25・7・20

 さっきから前の林の中からホーホヶキョとうぐいすが鳴いている。鳴き始めのホー、ホー、とたどたどしい声ではなく、もう立派に完成(?)されたホーホヶキョである。何とも澄んだ美しさである。姿は無論見えない。

 うぐいすでは、私は強い思い出でがある。未だに忘れられない。私が戦災で焼けた西竹の丸(横浜)に住んでいた頃である。その頃、私は空気銃を愛用していた。中折れ式の銃で、鼓彈を使えば薄い木の板ぐらいは貫通する力があった。
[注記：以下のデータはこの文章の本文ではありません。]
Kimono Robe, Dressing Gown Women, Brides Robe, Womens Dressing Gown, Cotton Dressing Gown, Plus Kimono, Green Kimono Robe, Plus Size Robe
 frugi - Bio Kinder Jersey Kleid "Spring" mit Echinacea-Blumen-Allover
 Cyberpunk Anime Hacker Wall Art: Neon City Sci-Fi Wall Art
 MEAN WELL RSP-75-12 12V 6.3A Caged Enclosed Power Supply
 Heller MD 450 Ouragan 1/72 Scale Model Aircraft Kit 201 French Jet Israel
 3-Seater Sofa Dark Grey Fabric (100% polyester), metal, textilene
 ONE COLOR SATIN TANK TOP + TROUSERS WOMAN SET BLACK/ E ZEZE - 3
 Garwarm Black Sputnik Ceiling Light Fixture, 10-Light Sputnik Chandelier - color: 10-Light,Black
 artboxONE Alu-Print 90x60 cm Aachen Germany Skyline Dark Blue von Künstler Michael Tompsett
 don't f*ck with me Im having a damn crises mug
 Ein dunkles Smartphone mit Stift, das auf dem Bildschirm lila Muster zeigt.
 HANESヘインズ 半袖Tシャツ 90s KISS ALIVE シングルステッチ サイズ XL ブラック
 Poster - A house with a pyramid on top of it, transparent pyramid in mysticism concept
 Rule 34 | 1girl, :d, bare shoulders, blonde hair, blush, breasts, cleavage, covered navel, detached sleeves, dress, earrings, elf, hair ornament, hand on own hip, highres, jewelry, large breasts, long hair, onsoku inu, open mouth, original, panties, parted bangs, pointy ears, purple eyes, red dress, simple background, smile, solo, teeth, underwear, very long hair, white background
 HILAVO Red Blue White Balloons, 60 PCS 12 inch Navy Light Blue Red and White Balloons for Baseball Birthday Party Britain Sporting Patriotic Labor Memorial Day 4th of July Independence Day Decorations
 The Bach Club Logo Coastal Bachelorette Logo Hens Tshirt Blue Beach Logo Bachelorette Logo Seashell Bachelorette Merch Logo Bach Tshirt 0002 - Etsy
それは専ら雀を打つのに使っていたが、小さい的である。そんなに当る、というものではなかった。

 ところがある日、隣りの家の垣根でうぐいすがよい声で鳴いていた。私は、何気なくその方向に向けて空気銃の彈を発射したら、パタッとうぐいすの声が途切れて了った。その後再び声が聞えなかったところを見ると、私の放った彈がうぐいすに当った、としか考えられなかった。

 私は、大へんに後悔をした。全く、何の罪もない小鳥に殺生をしたことはそれこそ悲しかった。爾来、私は、空気銃を使うのを止めた。

 うぐいすの声を聞くと、そのことをまざまざと思い出す。今でも心が痛む。